Pro teams used 105 hubs laced to Ambrosio rims in the Paris-Roubaix. Probably work just fine for you.


----------



## AndrwSwitch (May 28, 2009)

My 105 hubs are thirteen years old, on their second set of rims, and still going strong.

However, unless your sealed bearing hubs are extraordinarily crappy, they should give you a plenty long service life too.

Since you're not just running out and buying the more expensive wheels, I'm going to assume you care about the cost. The way that the pricing on wheels works out, if you buy a stock or semi-custom wheel from a wheel builder, you'll usually come out ahead of buying all the components and then building yourself, let alone paying someone else to build. If you buy rims and spokes and pay someone else to build a wheel, you'll probably spend more than if you buy the 105/Open Pro or a similar build from a discount wheelbuilder. If you buy rims and spokes and build the wheels yourself, you'll come out a little ahead on money, but it's quite time consuming. I'm at a stage in my life where it's often still worthwhile for me to build my own wheels if I have viable hubs. I don't build many wheels, so it probably takes me about half a day to do a set, between an hour or two lacing the wheels and a visit to a coop where I'm a member and that has truing stands available.
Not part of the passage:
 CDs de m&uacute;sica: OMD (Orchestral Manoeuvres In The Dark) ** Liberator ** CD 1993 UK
So, the 105/Open Pro/Sport build you're considering should be a pretty great value and give you great service. But if your hubs are in good shape and don't suck, also consider saving them.


----------



## guitarslinger21 (May 19, 2012)

I actually bought the 105/open sport/32h set from Velomine last week. I wish I would have thought to go direct instead of buying through eBay. I could have saved a few bucks. Either way, they are excellent wheels, and I think you'll be thrilled. Mine needed a couple of tiny tweaks with the spoke wrench, but other than that, the tension is solid, and the hubs are fast. I've used Open Pros before, and I think the Open Sport is pretty much just as nice. They seem stiffer too.

Go for it!


----------



## bonefamily (May 17, 2011)

Thanks for the replies everyone.

Yes, it is the same 105/Open Sport from Velomine, guitarslinger21. The price tag seems like a great deal to me! Thanks for the assurance that they are a good set.
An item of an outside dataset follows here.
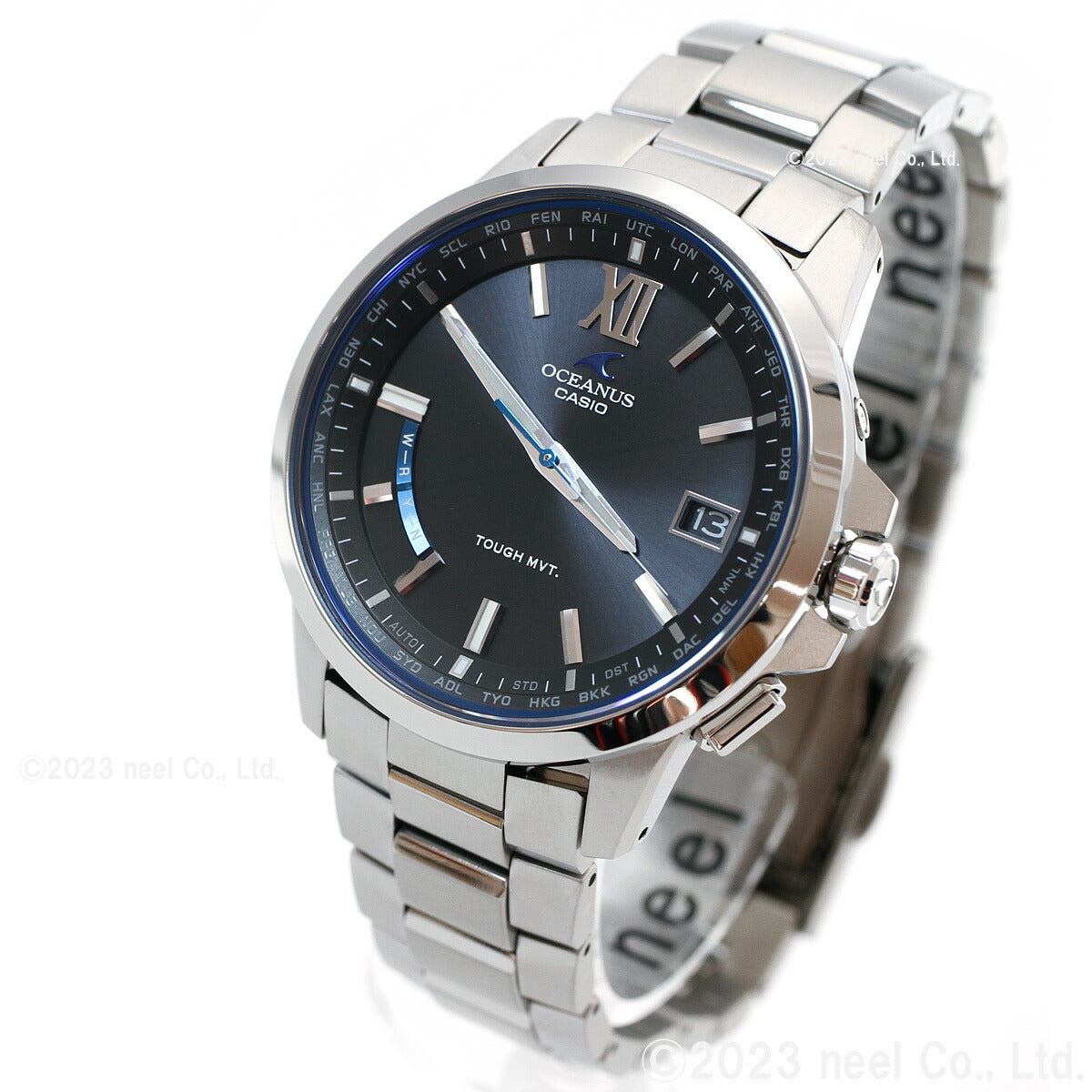 カシオ オシアナス CASIO OCEANUS 電波 ソーラー 電波時計 腕時計 メンズ タフソーラー OCW-T150-1AJF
AndrwSwitch - I wish I had the know how to build a set of wheels myself. I hope to learn one day, but not on this set  I'll buy a decent set of wheels now and learn how to build on a lower cost alternative, when I'm also able to aquire all the needed tools.


----------



## kntkynp (Feb 6, 2012)

105 hubs will be a huge upgrade from what you have. Anything Mavic will also be a huge upgrade from any AlexRims (probably my least favorite brand). 

I can't speak for the Open Sport, but I can tell you that 32H Open Pros are practically bullet proof. I have a friend who builds custom wheels, and he swears by them. One of our mutual friends has a set (w/ Ultegra hubs, DT Swiss comp spokes). He has crashed, hopped curbs, and beat the heck out of that wheelset. After all he's put the wheels through, they have never needed more than a little re-truing.


----------



## bonefamily (May 17, 2011)

Thanks for the words, kntkynp. I'm looking forward to getting the 105's. Now, just have to wait till father's day... and I hate waiting!


----------